> [PROMPT]
Nothing but the lines below from the one that contains "SissyLifeX tweet media" through the one that contains "Imagen de la" should be retyped, exactly and including both ends. Do not include pictures.

> [DATA PROVIDED]
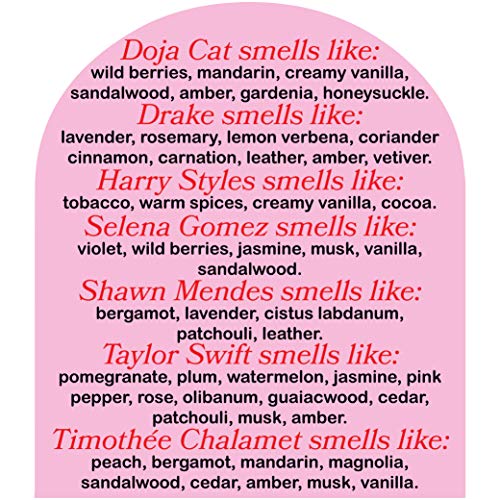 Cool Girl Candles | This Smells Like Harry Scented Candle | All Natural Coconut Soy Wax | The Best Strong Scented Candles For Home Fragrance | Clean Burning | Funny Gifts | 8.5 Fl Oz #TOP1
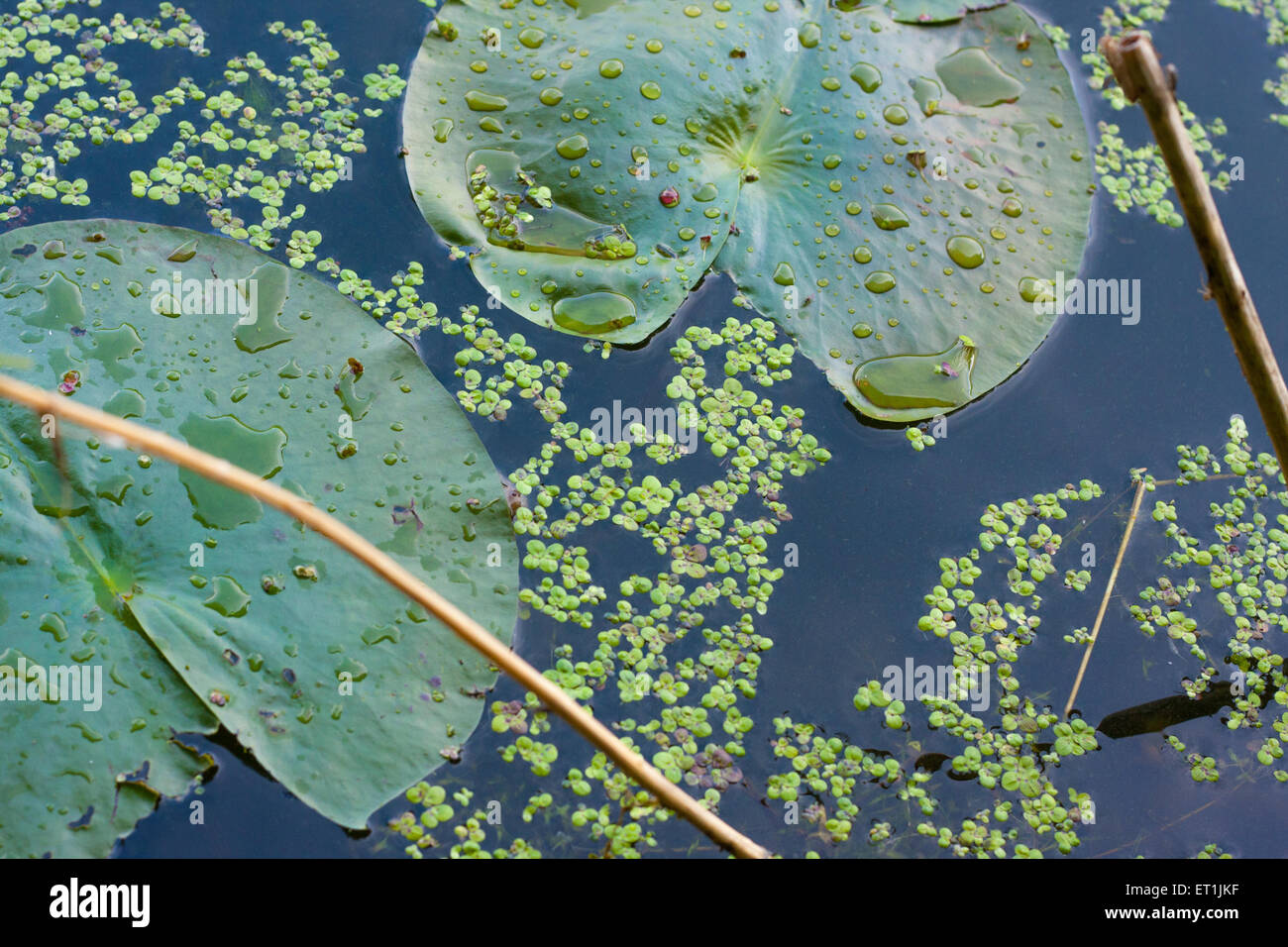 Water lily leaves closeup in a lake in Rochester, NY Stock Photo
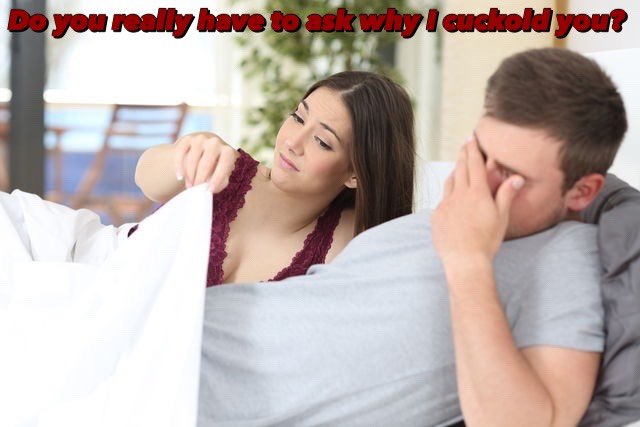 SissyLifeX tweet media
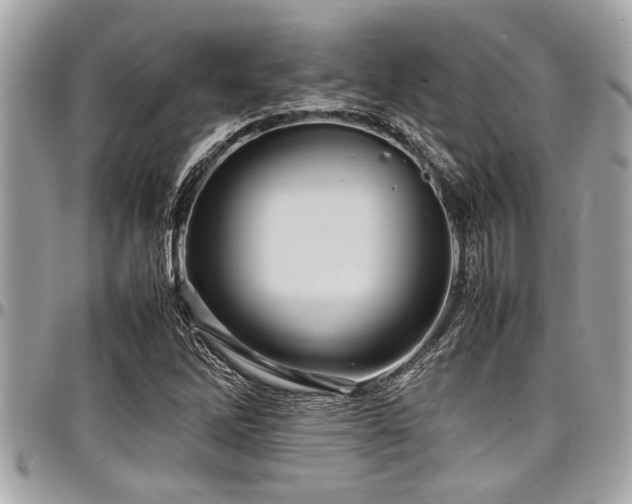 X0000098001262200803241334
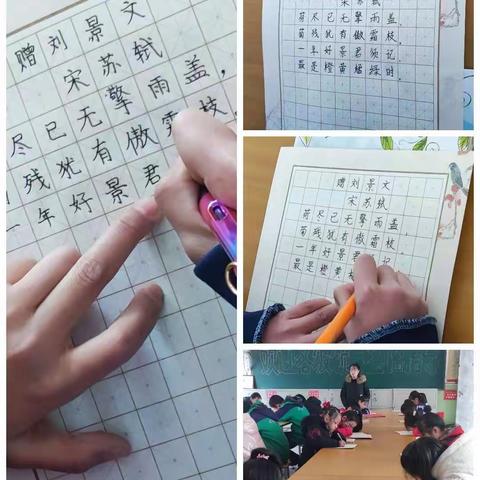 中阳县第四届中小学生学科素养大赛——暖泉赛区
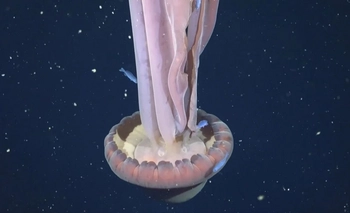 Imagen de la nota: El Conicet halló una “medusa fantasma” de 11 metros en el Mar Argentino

---

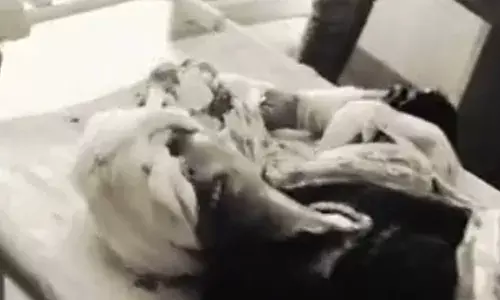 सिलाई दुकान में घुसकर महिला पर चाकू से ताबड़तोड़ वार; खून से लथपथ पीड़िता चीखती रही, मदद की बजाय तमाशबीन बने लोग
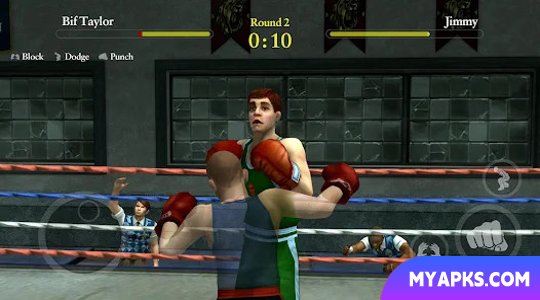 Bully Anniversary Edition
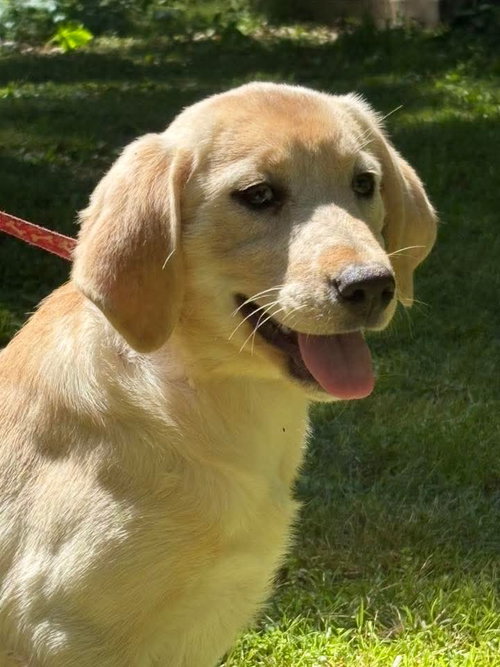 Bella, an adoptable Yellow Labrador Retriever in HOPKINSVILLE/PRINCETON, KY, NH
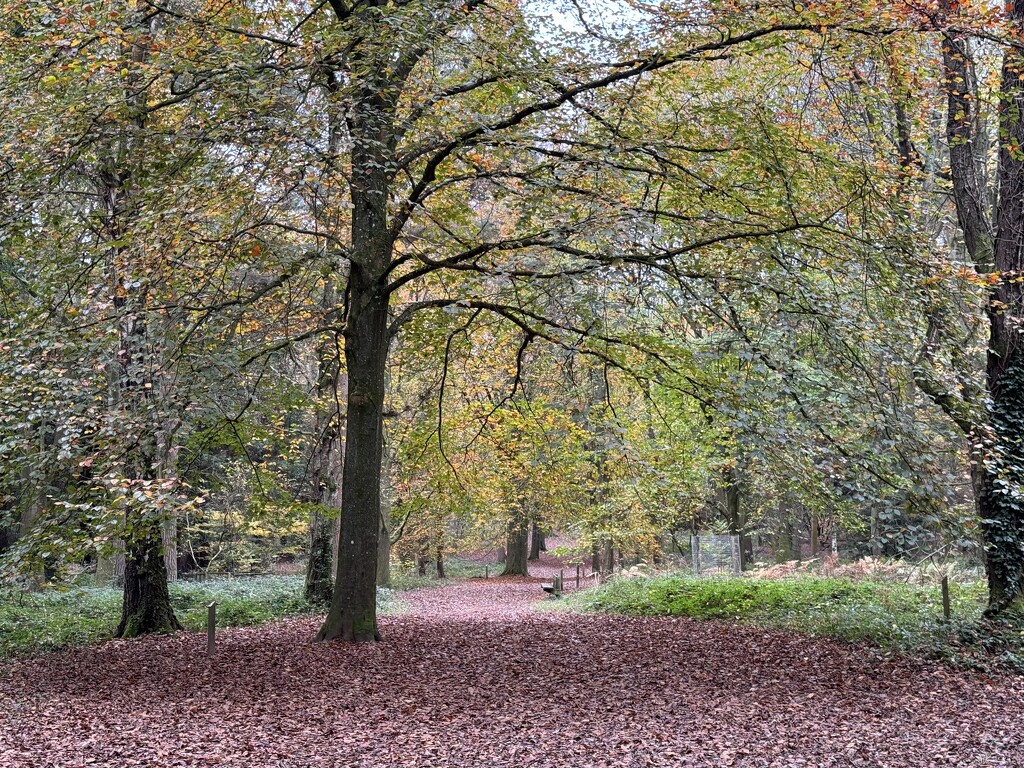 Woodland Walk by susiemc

> [EXPECTED OUTPUT]
 SissyLifeX tweet media
 X0000098001262200803241334
 中阳县第四届中小学生学科素养大赛——暖泉赛区
 Imagen de la nota: El Conicet halló una “medusa fantasma” de 11 metros en el Mar Argentino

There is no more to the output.